The second test was won by an innings after David Boon’s 164 had helped Australia to a colossal total of 632/4. England really had no answer in any department although Robin Smith, Graham Thorpe and Graham Gooch shone with the bat to draw the third game.

The Ashes were secured after another innings victory for Australia in the fourth test. Allan Border’s double ton helped the tourists to a total of 653/4 while England could only make 200 and 305.

It was a one-sided affair with Australia playing some great cricket. England won’t want to remember this period, but we had to admire the tourists and, in particular, the emergence of Shane Warne.


England had won the Ashes in 2005 but had lost the urn following Australia’s 5-0 series whitewash in 2006/07. 2009 saw Australia return to English soil and the tourists were very much the favourites.

The hosts were without a number of players from the successful 2005 campaign. Michael Vaughan, Simon Jones, Ashley Giles, Matthew Hoggard, Geraint Jones and Marcus Trescothick had already played their final tests while injuries prevented Andrew Flintoff and Kevin Pietersen from featuring in the entire 2009 series.

Australia dominated at times and will feel that they should have won the series.

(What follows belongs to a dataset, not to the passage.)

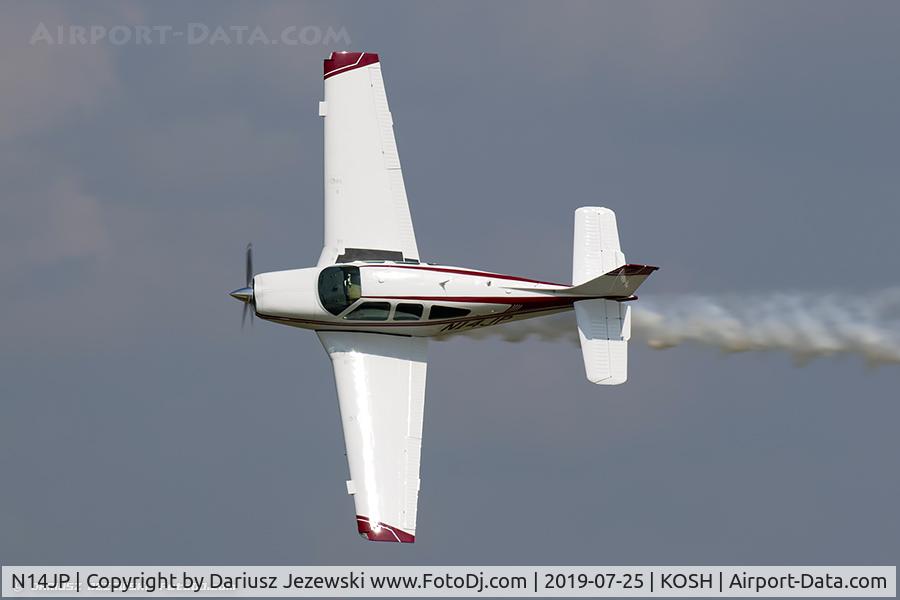 N14JP, 1986 Beech F33C Bonanza C/N CJ-177, Beech F33C Bonanza  C/N CJ-177, N14JP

In the first test at Cardiff, the tourists were on top for the entire game and England were only saved by a famous last wicket stand between James Anderson and Monty Panesar.

The home side were on the back foot and it was something of a surprise when England won the second test at Lord’s. Skipper Andrew Strauss set things up with 161 on first innings while Andrew Flintoff secured the Player of the Match award with six wickets in the match.

It was England’s first Ashes win at Lord’s since 1934 and they were surprise series leaders. Rain saw the third test end in a draw as the game looked poised for a tight finish.

In the fourth test at Headingley, Andrew Flintoff was injured and Australia took full advantage, winning by an innings and 80 runs, The tourists had the momentum and were favourites once again going into the final game at The Oval.

With Flintoff back for what would be his last ever test, England dug deep and won with a brilliant all-round team performance. Jonathan Trott scored a century on debut while Stuart Broad blew away Australia’s middle order with five wickets in the first innings.

England won by the comfortable margin of 197 runs, but it was a tight and thrilling series which could have gone either way.